▶ **Dataset content**:
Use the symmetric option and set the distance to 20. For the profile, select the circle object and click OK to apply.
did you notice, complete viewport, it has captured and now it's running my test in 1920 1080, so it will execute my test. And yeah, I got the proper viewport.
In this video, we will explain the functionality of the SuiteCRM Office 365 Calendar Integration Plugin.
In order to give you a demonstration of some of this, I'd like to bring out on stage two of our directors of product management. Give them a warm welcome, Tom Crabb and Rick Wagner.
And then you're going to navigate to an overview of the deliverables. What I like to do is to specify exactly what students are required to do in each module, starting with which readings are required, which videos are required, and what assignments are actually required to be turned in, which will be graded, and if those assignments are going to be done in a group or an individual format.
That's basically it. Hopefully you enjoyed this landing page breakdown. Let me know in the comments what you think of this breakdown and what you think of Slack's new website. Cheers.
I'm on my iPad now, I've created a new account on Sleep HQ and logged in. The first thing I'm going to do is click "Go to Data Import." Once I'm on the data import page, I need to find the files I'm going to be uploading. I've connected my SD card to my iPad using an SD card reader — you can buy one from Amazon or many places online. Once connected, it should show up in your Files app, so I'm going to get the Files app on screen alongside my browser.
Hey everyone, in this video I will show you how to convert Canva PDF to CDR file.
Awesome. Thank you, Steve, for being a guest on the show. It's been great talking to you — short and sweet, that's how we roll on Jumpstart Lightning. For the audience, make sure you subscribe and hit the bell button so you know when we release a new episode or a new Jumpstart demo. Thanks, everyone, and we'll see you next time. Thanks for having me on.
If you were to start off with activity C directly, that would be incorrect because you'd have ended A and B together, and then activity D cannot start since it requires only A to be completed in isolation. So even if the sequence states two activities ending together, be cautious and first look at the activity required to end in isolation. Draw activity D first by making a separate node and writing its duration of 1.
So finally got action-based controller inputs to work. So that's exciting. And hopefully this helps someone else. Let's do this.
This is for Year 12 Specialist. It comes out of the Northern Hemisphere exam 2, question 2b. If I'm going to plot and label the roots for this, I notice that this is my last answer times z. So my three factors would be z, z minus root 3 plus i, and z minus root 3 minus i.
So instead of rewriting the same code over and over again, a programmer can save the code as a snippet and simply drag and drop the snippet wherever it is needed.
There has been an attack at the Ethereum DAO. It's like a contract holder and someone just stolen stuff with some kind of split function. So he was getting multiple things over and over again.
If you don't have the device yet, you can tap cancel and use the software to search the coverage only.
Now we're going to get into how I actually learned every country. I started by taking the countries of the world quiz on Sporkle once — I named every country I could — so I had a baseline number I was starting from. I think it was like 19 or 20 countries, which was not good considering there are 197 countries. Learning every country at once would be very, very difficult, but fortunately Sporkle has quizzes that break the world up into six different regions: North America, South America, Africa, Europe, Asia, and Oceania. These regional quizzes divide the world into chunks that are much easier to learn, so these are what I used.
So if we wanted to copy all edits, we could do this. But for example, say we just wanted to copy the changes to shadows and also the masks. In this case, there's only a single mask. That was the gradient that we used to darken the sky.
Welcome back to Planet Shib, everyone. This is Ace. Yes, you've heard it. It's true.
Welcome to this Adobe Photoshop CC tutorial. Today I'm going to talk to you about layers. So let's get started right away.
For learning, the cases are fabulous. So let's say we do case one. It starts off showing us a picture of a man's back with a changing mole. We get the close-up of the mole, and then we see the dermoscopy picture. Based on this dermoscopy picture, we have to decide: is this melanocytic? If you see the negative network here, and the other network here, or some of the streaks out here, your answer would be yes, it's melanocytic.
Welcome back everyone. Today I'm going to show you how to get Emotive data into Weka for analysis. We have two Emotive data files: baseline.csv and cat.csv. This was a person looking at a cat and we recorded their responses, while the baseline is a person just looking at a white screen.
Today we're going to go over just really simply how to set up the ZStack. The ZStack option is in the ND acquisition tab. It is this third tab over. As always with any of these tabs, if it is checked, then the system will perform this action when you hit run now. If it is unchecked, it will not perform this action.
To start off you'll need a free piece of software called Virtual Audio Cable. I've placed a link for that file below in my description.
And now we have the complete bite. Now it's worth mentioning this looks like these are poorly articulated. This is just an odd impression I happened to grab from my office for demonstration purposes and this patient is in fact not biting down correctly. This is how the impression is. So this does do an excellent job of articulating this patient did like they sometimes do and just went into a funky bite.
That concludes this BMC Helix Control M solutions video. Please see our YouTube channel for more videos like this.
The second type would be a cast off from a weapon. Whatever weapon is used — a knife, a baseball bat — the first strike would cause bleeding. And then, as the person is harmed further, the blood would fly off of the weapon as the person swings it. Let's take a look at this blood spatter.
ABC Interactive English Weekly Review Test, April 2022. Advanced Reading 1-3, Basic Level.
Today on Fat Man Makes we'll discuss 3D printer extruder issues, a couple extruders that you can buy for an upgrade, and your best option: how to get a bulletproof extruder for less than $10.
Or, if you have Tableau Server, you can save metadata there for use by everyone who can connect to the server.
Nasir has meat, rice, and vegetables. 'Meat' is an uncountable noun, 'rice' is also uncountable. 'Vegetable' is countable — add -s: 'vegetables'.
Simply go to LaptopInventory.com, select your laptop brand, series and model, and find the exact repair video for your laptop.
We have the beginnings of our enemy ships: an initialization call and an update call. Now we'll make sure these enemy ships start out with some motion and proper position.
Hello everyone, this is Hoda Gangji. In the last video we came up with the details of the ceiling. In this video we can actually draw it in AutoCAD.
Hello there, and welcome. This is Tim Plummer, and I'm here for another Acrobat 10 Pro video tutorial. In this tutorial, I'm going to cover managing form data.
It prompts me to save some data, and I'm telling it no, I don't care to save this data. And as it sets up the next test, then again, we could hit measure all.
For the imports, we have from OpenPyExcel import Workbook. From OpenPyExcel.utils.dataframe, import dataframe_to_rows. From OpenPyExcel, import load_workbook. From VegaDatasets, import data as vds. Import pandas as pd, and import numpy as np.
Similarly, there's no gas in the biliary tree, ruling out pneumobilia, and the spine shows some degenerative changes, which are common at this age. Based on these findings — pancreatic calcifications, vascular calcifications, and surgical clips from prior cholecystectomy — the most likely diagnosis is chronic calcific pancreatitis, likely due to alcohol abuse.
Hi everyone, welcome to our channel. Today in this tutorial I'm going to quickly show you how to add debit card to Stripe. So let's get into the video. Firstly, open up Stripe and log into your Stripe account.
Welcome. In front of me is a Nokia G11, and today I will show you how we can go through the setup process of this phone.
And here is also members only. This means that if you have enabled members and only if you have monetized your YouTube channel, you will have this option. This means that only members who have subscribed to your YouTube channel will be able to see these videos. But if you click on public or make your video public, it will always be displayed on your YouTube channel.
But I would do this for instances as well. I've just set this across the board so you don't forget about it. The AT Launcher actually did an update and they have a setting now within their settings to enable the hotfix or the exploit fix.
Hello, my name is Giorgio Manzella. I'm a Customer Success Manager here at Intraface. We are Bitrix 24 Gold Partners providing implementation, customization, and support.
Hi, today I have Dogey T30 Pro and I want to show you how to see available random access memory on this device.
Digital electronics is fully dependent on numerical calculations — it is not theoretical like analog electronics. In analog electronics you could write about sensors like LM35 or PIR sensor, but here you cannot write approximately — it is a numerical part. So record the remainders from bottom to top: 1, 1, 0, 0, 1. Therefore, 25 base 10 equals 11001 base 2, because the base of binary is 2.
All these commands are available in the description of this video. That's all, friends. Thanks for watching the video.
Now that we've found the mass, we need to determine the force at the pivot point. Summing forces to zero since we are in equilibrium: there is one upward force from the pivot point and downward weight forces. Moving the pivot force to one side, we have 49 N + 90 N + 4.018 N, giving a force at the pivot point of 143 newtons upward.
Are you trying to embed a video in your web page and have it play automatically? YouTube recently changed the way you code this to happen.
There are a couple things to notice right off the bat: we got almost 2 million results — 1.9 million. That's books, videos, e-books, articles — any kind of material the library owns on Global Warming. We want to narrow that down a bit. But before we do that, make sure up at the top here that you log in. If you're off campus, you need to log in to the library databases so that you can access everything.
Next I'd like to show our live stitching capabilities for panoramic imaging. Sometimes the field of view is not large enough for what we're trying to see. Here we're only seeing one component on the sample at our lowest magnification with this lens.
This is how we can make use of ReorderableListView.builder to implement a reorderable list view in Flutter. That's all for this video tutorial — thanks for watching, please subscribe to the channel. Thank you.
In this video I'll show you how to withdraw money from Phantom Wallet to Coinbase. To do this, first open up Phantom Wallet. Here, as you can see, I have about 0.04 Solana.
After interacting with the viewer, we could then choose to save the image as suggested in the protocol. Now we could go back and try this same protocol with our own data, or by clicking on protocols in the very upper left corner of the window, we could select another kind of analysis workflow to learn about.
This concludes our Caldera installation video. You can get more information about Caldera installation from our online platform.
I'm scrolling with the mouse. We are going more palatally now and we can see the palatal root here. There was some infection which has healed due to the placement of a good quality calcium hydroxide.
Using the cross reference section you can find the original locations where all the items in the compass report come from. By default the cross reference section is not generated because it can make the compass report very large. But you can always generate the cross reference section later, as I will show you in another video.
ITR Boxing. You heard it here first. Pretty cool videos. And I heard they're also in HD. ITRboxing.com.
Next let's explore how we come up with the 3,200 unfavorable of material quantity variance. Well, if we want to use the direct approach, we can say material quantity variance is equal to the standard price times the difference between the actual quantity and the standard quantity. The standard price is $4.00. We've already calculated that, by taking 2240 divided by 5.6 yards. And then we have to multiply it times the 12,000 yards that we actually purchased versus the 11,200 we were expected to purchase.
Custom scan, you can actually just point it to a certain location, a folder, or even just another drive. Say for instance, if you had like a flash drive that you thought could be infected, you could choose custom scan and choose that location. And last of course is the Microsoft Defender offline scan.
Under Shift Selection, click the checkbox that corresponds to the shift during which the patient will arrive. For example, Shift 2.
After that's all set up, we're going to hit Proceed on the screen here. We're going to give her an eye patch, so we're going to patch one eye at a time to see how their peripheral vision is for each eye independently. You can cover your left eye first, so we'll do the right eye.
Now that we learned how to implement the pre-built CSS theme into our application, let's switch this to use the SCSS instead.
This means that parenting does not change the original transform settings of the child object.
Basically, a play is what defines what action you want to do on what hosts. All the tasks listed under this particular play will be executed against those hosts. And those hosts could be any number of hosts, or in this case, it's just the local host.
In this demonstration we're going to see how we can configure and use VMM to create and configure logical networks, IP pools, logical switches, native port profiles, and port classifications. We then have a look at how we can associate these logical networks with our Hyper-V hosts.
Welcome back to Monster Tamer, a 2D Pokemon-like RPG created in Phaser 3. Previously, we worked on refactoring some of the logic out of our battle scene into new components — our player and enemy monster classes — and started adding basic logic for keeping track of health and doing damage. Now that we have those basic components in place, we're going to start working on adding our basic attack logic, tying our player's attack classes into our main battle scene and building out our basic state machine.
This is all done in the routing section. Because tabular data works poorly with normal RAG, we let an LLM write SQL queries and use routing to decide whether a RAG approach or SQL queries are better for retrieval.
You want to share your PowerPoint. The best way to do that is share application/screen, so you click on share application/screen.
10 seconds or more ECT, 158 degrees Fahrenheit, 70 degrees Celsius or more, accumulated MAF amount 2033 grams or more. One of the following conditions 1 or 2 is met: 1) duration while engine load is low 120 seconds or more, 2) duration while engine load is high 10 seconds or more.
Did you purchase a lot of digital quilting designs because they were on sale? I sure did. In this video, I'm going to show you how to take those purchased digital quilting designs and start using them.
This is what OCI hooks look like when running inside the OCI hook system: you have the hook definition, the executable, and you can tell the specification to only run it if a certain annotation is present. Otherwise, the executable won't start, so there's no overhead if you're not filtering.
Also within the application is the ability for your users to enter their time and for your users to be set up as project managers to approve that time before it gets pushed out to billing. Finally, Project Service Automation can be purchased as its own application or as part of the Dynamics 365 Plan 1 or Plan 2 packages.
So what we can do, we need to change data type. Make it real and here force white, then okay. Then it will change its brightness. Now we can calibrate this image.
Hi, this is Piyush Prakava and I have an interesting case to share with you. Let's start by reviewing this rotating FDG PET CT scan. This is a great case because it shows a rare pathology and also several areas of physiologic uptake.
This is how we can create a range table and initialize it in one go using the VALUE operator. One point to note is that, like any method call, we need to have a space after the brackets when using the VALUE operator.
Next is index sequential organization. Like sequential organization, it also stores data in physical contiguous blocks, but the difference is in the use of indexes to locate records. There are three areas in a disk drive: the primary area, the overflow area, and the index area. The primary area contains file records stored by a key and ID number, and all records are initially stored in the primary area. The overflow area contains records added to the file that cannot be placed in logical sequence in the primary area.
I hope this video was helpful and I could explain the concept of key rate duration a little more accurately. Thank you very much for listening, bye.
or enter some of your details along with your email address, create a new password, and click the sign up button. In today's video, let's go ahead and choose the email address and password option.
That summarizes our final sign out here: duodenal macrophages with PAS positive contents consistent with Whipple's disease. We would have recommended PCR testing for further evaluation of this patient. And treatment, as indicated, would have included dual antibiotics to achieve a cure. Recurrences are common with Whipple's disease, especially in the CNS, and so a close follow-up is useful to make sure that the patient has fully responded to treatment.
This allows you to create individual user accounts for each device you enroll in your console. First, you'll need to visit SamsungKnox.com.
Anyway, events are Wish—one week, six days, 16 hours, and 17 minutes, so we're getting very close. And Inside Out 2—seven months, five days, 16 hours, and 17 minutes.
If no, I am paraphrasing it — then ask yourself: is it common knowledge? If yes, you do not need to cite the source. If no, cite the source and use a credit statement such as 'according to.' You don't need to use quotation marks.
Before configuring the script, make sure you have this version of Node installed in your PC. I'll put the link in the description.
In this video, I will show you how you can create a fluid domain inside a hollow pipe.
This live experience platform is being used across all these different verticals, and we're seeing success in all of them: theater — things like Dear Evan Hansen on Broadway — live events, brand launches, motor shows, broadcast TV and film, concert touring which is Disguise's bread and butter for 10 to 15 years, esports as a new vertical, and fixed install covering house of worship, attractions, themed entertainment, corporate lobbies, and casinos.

▶ **Work request**: Using the material above, quote the first line and each line after it, stopping at and including the line that holds "In order to".

▶ **Problem solution**:
Use the symmetric option and set the distance to 20. For the profile, select the circle object and click OK to apply.
did you notice, complete viewport, it has captured and now it's running my test in 1920 1080, so it will execute my test. And yeah, I got the proper viewport.
In this video, we will explain the functionality of the SuiteCRM Office 365 Calendar Integration Plugin.
In order to give you a demonstration of some of this, I'd like to bring out on stage two of our directors of product management. Give them a warm welcome, Tom Crabb and Rick Wagner.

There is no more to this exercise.